Fin de la historia. Que disfruten el avance. 

“La canción de un lunático

La canción de un hombre loco”

Song of a lunatic, Dead End

 

       Kawamura cerró la puerta del departamento que compartía con sus dos favoritos una vez que estuvo dentro. Sus aguzadas pupilas, enmarcadas por iris marrones cuyo embrujo ya era legendario, inspeccionaron todo el aposento. Se detuvieron en la delgada figura del chico pelirrojo, quien permanecía sentado en un sillón. En su rostro resaltaban ojeras contumaces.

-¿Dónde está Inoran?- preguntó el mayor con tono de orden.
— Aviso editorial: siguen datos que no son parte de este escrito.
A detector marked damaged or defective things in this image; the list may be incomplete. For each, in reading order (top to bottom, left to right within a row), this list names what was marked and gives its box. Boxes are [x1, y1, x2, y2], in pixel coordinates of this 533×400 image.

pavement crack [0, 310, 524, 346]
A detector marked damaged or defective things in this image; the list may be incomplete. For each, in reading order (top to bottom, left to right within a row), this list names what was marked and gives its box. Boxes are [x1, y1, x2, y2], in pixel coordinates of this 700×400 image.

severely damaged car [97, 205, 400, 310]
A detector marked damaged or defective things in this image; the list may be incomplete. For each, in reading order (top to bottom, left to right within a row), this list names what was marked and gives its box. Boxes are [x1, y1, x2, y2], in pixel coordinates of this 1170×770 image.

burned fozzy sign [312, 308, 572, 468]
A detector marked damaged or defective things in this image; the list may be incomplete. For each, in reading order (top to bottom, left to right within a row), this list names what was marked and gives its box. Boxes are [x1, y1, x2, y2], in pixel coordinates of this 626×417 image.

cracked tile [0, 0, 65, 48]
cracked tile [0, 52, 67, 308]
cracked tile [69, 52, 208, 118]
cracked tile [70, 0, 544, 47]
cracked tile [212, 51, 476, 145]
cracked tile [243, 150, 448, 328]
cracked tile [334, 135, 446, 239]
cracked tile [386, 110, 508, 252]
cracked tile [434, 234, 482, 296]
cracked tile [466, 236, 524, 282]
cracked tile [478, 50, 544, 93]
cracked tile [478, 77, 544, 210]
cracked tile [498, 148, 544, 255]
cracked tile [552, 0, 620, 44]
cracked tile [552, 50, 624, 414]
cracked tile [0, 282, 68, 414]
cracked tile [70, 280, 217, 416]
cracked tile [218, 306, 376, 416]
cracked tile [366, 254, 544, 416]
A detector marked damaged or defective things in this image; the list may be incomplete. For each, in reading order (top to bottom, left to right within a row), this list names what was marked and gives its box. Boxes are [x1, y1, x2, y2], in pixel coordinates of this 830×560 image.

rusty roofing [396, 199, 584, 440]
Tenía dos días de no ver a sus mantenidos, pues había estado llegando a casa sumamente tarde, y no bien lo hacía, era para irse a la cama sin preámbulo alguno.

-Salió a comprarme pastillas para dormir- respondió secamente el chico de los rojizos cabellos, sin inmutarse. –Las últimas dos noches las pasé en vela absoluta.-

       El posible significado del postrero de sus sueños atormentaba de terrible manera al prostituto, pues estaba convencido de que al haber tenido lugar justo antes del interrogatorio que le tocara presenciar secretamente, todo en la visión obedecía a un motivo. Le era imposible ya para entonces olvidarse del presagio de muerte que anunciaban las túnicas blancas; de la maldita cama y de la soledad del tétrico paraje que le dibujara su mente, pero se torturaba tratando de hallarle sentido a las palabras de su odiado captor, así como a la paralización de su voluntad. ¿Qué era lo que debía decirle Ryuichi? ¿Se relacionaría acaso con el hecho de haber atestiguado una conversación que no le correspondía escuchar? La duda, aunada a la incapacidad de comunicarle sus miedos a su amante pelirrosa ni a nadie más, lo estaba volviendo loco.
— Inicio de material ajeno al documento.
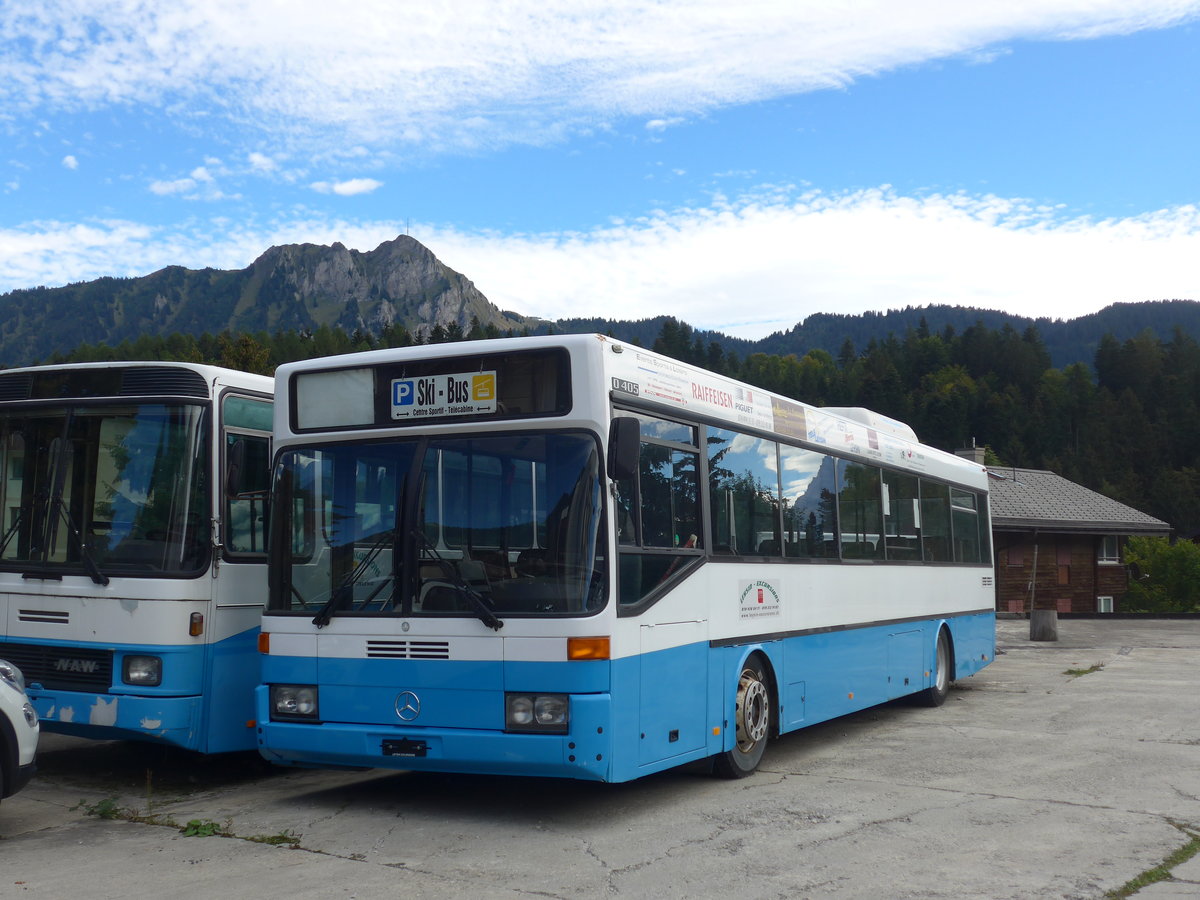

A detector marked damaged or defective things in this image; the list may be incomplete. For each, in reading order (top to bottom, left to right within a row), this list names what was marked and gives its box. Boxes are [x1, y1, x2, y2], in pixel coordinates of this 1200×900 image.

cracked pavement [2, 620, 1200, 900]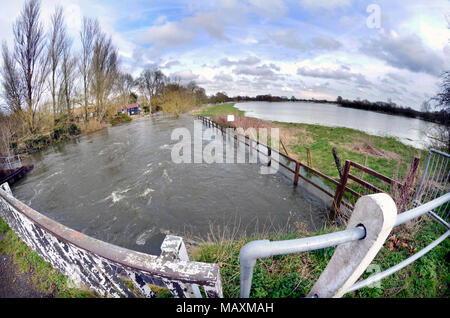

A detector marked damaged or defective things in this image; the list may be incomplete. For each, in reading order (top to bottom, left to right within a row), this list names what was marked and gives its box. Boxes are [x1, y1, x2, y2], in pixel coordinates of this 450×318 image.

rusted metal fence [0, 181, 223, 298]
peeling paint on post [0, 183, 223, 300]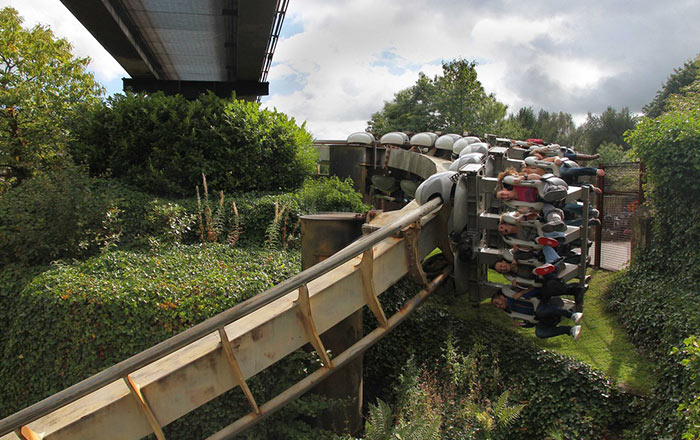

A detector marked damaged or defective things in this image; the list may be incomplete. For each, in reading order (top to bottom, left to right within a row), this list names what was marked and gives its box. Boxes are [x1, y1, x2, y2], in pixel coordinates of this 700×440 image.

rusty steel pillar [300, 212, 366, 434]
       El yakuza de enmarañada cabellera se acercó a Sugihara. Lo tomó por la muñeca izquierda y lo hizo levantarse. La estupefacta mirada del menor no se hizo esperar, pero su dueño únicamente se limitó a rodearle la cintura con el brazo contrario, a acercarlo a su cuerpo y a hundir el rostro en la todavía lastimada curvatura del cuello de su efebo. Lo estrechó con fuerza.

-Ryuichi, ¿qué demonios crees que haces? ¡Suéltame!- exclamó el chico, intentando alejar al mafioso, quien se empecinaba en continuar abrazándolo. La terquedad del más joven azuzó sus nervios, por lo cual, todavía aferrado a él, declaró con voz trémula

-Yasuhiro… ¡te necesito!-

       Sugizo abrió los ojos como platos al escuchar el nombre que más prefería ser pronunciado por su captor. No obstante, eso no lo hizo dejar de forcejear, hasta que por fin empujó a Kawamura y se lo quitó de encima.

-¡Púdrete! ¡No pensaste en que me necesitabas cuando estuviste a punto de matarme aquí, con tus propias manos! ¡Te odio!-

       El ánimo atribulado del oyabun –quien ya de por sí era conocido por sus allegados debido a los diametrales cambios de humor de los que era protagonista, los cuales le habían granjeado el apelativo de “lunático”- recibió una fatal estocada al escuchar aquella última frase de labios de su protegido. Como le dejara con la faz en dirección del suelo al separarse de él, Ryuichi alzó la mirada, en donde sus orbes desencajados lucían el desasosiego de la demencia. Los problemas a los que tuviera que enfrentarse en los últimos días habían constituido la verdadera primera crisis de todo su principado, el cual abarcaba ya diez años. Nunca antes el sueño de las plácidas noches en brazos de su hermoso amante de cabello negro –escogidísima criatura- se había visto imposibilitado por conflictos que tuvieran que ver con la seguridad de su imperio. No. Jamás antes osaron siquiera tambalear los cimientos de su fastuoso reino.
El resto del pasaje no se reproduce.